* _Instructions for the task_
Find the line containing "2025大卫极简AI外贸创业密训营,选品、建站、获客转化" in the entries below. Restate it and each line after it, word for word, up to and including the line containing "Customizable, Premium Refillable".

* _Caption-style text data_
══════════

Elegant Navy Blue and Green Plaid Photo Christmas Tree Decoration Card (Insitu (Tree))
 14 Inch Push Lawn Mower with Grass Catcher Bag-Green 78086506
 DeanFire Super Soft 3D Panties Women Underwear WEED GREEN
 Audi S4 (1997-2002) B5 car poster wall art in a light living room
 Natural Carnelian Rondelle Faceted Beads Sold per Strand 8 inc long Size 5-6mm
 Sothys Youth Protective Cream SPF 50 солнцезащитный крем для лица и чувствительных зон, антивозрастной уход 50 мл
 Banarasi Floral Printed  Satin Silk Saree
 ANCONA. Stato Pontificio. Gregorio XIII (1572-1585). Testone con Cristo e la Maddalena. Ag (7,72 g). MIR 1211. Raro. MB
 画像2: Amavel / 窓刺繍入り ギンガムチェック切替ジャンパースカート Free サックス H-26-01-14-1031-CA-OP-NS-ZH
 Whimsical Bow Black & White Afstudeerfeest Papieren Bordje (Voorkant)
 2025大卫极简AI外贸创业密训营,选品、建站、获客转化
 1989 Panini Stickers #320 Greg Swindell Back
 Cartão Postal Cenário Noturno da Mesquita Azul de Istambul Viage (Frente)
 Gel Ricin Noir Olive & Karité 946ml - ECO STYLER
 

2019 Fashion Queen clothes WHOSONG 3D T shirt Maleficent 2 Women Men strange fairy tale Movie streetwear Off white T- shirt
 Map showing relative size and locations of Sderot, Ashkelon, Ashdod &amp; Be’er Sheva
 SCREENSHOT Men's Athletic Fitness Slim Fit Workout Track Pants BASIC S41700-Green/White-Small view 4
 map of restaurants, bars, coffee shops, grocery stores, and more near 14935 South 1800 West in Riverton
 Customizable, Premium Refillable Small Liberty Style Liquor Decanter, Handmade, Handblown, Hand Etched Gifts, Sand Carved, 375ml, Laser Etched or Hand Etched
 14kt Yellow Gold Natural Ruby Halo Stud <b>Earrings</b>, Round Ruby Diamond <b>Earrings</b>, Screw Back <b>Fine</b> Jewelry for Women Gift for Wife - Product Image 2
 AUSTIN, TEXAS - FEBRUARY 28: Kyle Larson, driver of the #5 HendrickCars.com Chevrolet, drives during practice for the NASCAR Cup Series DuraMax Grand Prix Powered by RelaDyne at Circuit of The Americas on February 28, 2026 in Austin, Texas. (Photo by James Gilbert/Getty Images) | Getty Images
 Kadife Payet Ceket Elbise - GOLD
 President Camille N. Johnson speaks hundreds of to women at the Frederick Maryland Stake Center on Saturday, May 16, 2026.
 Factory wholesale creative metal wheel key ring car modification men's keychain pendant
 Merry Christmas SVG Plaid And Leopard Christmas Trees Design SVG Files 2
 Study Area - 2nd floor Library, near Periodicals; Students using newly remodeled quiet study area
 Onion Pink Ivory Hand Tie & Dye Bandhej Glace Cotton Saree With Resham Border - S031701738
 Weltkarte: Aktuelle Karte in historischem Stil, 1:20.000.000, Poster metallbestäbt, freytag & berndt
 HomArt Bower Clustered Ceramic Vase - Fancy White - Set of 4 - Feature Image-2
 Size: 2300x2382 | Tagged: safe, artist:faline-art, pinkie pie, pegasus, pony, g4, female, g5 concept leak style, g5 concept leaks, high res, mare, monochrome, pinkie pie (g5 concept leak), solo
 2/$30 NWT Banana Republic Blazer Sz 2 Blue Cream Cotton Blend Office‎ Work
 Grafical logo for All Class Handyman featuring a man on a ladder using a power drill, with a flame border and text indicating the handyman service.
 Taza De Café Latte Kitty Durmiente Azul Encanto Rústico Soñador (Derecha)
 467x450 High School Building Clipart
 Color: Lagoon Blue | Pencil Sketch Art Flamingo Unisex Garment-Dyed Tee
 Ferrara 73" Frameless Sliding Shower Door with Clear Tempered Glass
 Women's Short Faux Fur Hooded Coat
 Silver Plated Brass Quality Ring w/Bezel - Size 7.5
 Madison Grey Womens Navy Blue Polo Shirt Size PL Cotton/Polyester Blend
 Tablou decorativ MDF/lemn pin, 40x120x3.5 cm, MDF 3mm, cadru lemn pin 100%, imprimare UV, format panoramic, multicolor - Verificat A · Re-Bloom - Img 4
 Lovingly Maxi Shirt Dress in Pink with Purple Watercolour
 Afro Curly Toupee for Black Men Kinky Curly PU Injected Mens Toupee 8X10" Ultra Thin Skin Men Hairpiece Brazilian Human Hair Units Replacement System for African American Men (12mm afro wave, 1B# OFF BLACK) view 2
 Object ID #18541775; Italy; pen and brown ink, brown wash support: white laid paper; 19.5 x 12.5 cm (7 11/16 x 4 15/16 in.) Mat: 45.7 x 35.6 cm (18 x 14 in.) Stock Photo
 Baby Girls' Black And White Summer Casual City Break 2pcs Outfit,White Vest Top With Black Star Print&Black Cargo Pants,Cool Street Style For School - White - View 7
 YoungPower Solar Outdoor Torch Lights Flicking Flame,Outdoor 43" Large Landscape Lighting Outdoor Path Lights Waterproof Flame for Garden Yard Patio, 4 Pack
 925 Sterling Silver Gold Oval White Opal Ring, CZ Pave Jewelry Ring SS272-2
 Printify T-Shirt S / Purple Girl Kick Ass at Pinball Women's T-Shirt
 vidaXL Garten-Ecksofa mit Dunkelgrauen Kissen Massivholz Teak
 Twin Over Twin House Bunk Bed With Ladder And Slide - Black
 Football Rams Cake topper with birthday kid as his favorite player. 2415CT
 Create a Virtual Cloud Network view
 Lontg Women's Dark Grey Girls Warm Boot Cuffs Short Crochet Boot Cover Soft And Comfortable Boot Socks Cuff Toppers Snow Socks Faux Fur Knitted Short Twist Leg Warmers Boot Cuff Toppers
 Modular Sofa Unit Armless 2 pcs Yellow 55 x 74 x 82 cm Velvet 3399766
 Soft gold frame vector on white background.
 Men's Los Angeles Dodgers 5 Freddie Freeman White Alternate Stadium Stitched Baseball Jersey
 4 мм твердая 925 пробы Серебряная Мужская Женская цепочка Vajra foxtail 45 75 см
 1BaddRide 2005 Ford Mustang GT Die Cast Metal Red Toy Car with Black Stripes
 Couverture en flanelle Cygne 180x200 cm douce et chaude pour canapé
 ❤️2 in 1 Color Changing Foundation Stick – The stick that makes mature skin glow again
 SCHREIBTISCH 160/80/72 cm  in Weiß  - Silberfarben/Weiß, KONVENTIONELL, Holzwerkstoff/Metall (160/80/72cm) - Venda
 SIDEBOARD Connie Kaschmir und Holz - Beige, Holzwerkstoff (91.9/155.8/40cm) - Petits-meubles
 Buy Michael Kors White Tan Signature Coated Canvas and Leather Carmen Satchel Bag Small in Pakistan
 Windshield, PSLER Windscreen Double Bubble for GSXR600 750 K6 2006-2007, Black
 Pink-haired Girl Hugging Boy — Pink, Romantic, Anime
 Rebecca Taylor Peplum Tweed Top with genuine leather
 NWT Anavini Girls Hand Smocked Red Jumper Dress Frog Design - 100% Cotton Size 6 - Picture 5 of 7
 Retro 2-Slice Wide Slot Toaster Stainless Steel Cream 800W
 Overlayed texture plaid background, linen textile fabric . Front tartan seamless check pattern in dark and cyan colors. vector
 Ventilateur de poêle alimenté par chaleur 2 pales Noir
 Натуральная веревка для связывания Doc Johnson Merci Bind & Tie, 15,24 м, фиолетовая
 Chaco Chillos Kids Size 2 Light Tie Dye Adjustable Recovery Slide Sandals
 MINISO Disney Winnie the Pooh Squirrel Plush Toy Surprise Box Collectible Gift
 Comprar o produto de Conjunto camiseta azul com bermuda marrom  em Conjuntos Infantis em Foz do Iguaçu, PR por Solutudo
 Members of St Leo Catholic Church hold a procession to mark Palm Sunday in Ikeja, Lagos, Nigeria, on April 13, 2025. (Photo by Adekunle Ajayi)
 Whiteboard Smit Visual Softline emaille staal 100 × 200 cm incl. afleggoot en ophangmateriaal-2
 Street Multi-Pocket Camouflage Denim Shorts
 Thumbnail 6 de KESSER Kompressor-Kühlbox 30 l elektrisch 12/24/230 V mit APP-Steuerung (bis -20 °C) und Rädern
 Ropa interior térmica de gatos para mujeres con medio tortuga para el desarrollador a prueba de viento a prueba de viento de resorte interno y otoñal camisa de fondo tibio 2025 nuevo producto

══════════

* _Your response_
 2025大卫极简AI外贸创业密训营,选品、建站、获客转化
 1989 Panini Stickers #320 Greg Swindell Back
 Cartão Postal Cenário Noturno da Mesquita Azul de Istambul Viage (Frente)
 Gel Ricin Noir Olive & Karité 946ml - ECO STYLER
 

2019 Fashion Queen clothes WHOSONG 3D T shirt Maleficent 2 Women Men strange fairy tale Movie streetwear Off white T- shirt
 Map showing relative size and locations of Sderot, Ashkelon, Ashdod &amp; Be’er Sheva
 SCREENSHOT Men's Athletic Fitness Slim Fit Workout Track Pants BASIC S41700-Green/White-Small view 4
 map of restaurants, bars, coffee shops, grocery stores, and more near 14935 South 1800 West in Riverton
 Customizable, Premium Refillable Small Liberty Style Liquor Decanter, Handmade, Handblown, Hand Etched Gifts, Sand Carved, 375ml, Laser Etched or Hand Etched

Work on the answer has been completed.